Provided entries >>
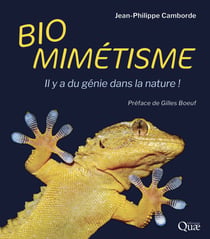 Biomimétisme - Il y a du génie dans la nature !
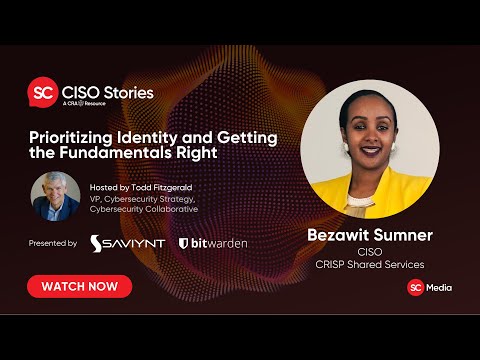 Prioritizing Identity and Getting the Fundamentals Right - Bezawit Sumner - CSP #151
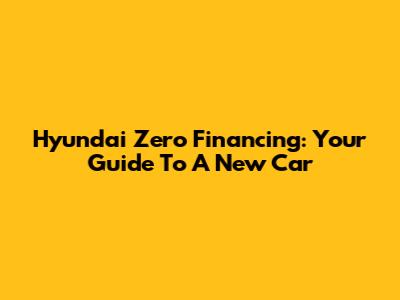 Hyundai Zero Financing: Your Guide To A New Car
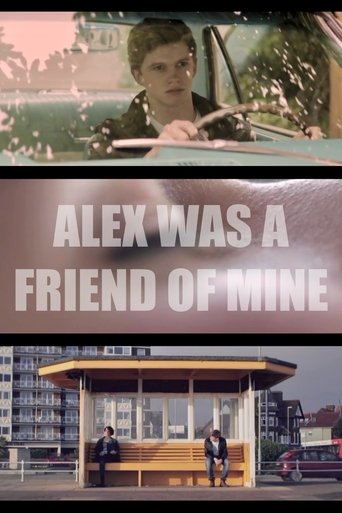 Alex Was a Friend of Mine Poster of Alex Was a Friend of Mine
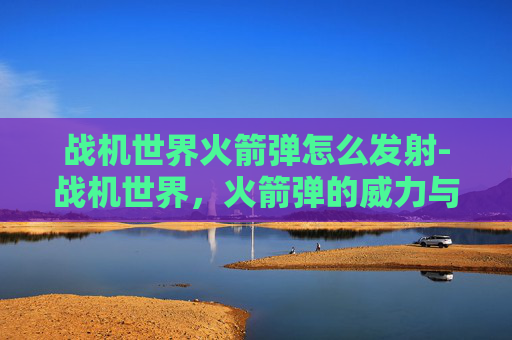 战机世界火箭弹怎么发射-战机世界，火箭弹的威力与战术运用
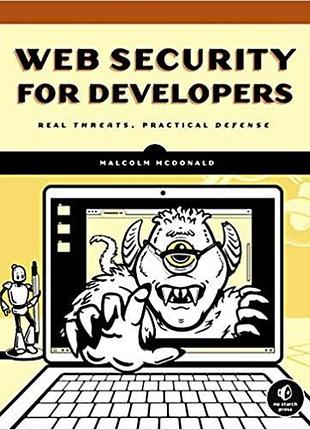 Web security for developers: real threats, practical defense, malcolm mcdonald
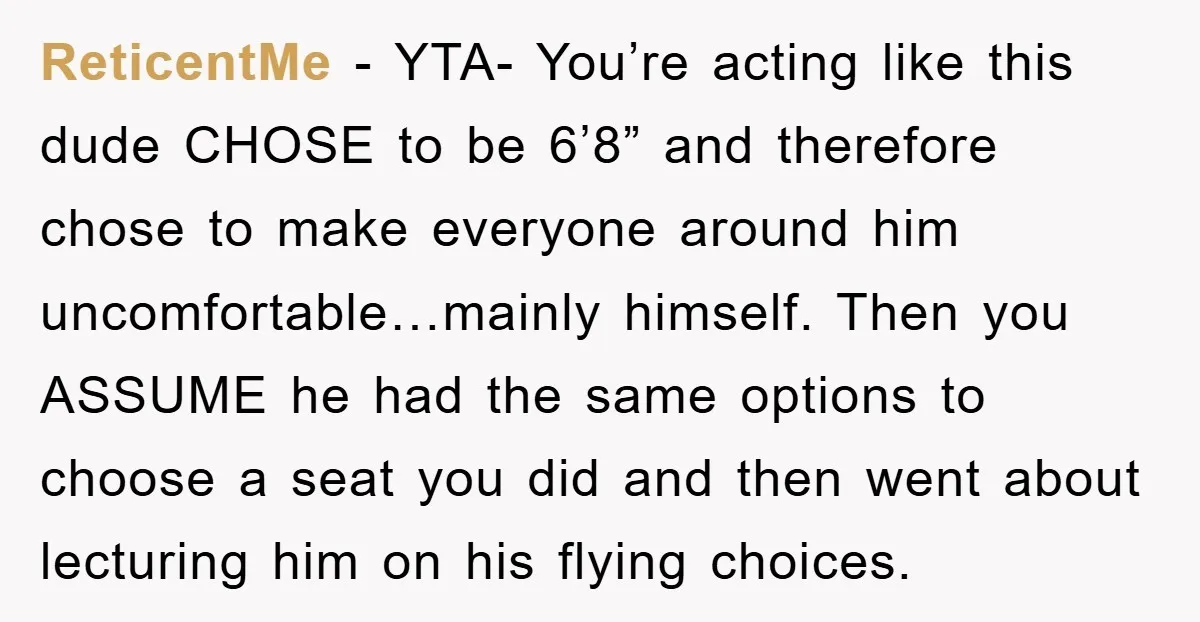 ReticentMe − YTA- You’re acting like this dude CHOSE to be 6’8” and therefore chose to make everyone around him uncomfortable…mainly himself. Then you ASSUME he had the same options...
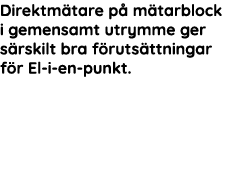 Direktm tare p  m tarblock i gemensamt utrymme ger s rskilt bra f ruts ttningar f r El-i-en-punkt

Goal of the exercise >> Restate the whole listing above exactly, except for its images.

Output below >>
 Biomimétisme - Il y a du génie dans la nature !
 Prioritizing Identity and Getting the Fundamentals Right - Bezawit Sumner - CSP #151
 Hyundai Zero Financing: Your Guide To A New Car
 Alex Was a Friend of Mine Poster of Alex Was a Friend of Mine
 战机世界火箭弹怎么发射-战机世界，火箭弹的威力与战术运用
 Web security for developers: real threats, practical defense, malcolm mcdonald
 ReticentMe − YTA- You’re acting like this dude CHOSE to be 6’8” and therefore chose to make everyone around him uncomfortable…mainly himself. Then you ASSUME he had the same options...
 Direktm tare p  m tarblock i gemensamt utrymme ger s rskilt bra f ruts ttningar f r El-i-en-punkt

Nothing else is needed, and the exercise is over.